This article will discuss the various architectures of Client-Server environments. Perhaps the most influential Client-Server environment is the Internet and its global users. With the increasing use of web applications, an examination of the best architecture to support web applications is timely. The architectural component of this discussion will focus on the underlying structures and schematics that best build web applications. Specifically, we will be discussing tier architecture, which is the breaking down of an application into logical chunks that are called Tiers. Tiers can exist on the same computer and be connected virtually or logically or on different machines.
The simplest examples of tier architecture are enumerated as 1-Tier, 2-Tier, and 3-Tier. 1-Tier Architecture is the simplest, single tier on single user, and is the equivalent of running an application on a personal computer. All the required component to run the application are located within it. User interface, business logic, and data storage are all located on the same machine. They are the easiest to design, but the least scalable. Because they are not part of a network, they are useless for designing web applications. 2-Tier Architectures supply a basic network between a client and a server. For example, the basic web model is a 2-Tier Architecture. A web browser makes a request from a web server, which then processes the request and returns the desired response, in this case, web pages. This approach improves scalability and divides the user interface from the data layers. However, it does not divide application layers so they can be utilized separately. This makes them difficult to update and not specialized. The entire application must be updated because layers aren’t separated.
3-Tier Architecture is most commonly used to build web applications. In this model, the browser acts like a client, middleware or an application server contains the business logic, and database servers handle data functions. This approach separates business logic from display and data. But, it does not specialize functional layers. Its fine for prototypical or very simple web applications, but it doesn’t measure up to the complexity demanded of web applications. The application server is still too broad, with too many functions grouped together. This reduces flexibility and scalability. N-Tier Architectures provide finer granularity, which provides more modules to choose from as the application is separated into smaller functions.
Usually N-Tier Architecture begins as a 3-Tier model and is expanded. It provides finer granularity. Granularity is the ability of a system, in this case, an application, to be broken down into smaller components or granules. The finer the granularity, the greater the flexibility of a system. It can also be referred to as a system’s modularity. Therefore, it refers to the pulling apart of an application into separate layers or finer grains.
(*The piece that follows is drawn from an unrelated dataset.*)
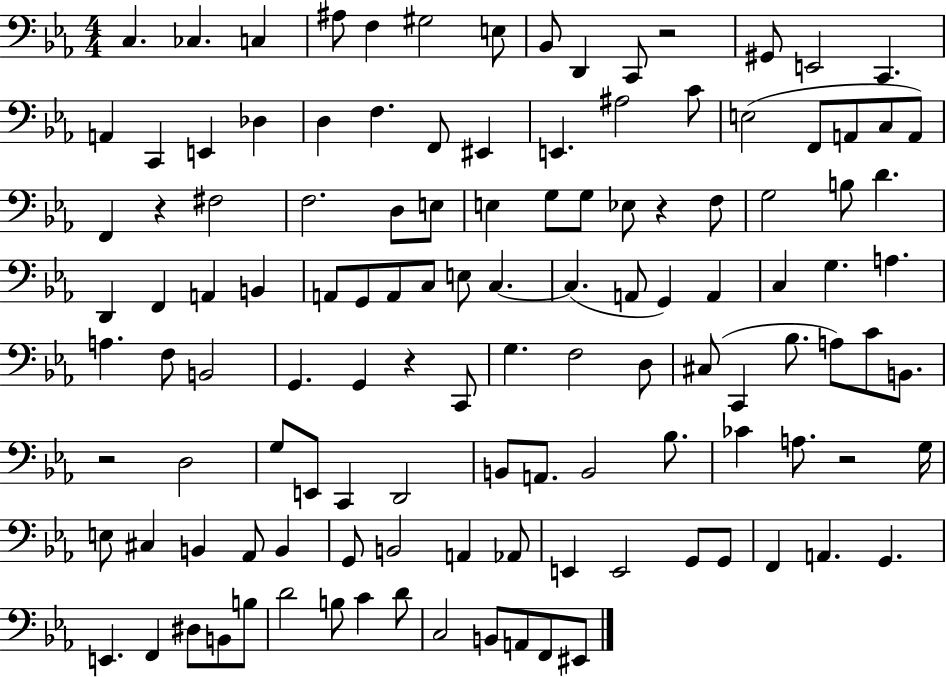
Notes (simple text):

C3/q. CES3/q. C3/q A#3/e F3/q G#3/h E3/e Bb2/e D2/q C2/e R/h G#2/e E2/h C2/q. A2/q C2/q E2/q Db3/q D3/q F3/q. F2/e EIS2/q E2/q. A#3/h C4/e E3/h F2/e A2/e C3/e A2/e F2/q R/q F#3/h F3/h. D3/e E3/e E3/q G3/e G3/e Eb3/e R/q F3/e G3/h B3/e D4/q. D2/q F2/q A2/q B2/q A2/e G2/e A2/e C3/e E3/e C3/q. C3/q. A2/e G2/q A2/q C3/q G3/q. A3/q. A3/q. F3/e B2/h G2/q. G2/q R/q C2/e G3/q. F3/h D3/e C#3/e C2/q Bb3/e. A3/e C4/e B2/e. R/h D3/h G3/e E2/e C2/q D2/h B2/e A2/e. B2/h Bb3/e. CES4/q A3/e. R/h G3/s E3/e C#3/q B2/q Ab2/e B2/q G2/e B2/h A2/q Ab2/e E2/q E2/h G2/e G2/e F2/q A2/q. G2/q. E2/q. F2/q D#3/e B2/e B3/e D4/h B3/e C4/q D4/e C3/h B2/e A2/e F2/e EIS2/e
One of the best examples of N-Tier Architecture in web applications is the popular shopping-cart web application. The client tier interacts with the user through GUIs (Graphic User Interfaces) and with the application and the application server. In web applications, this client tier is a web browser. In addition to initiating the request, the web browser also receives and displays code in dynamic HTML (Hypertext Markup Language), the primary language of the World Wide Web. In a shopping cart web application, the presentation tier displays information related to such services as browsing merchandise, purchasing, and shopping cart contents. It communicates with other tiers by outputting results to the browser/client tier and all other tiers in the network. This layer calls custom tags throughout the network and to other networks. It also calls database stored procedures and web services, all in the goal of providing a more sophisticated response. This layer glues the whole application together and allows different nodes to communicate with each other and be displayed to the user through the browser. It is located in the application server.
In N-Tier Architecture, the business logic tier is pulled out from the presentation tier and, as its own layer, it controls an application’s functionality by performing detailed processing. For example, in our shopping cart example, this tier completes credit card authorization and calculates things like shipping costs and sales tax. The tools used to encapsulate an application’s business logic into its own layer include web services, custom tags, and stored procedures.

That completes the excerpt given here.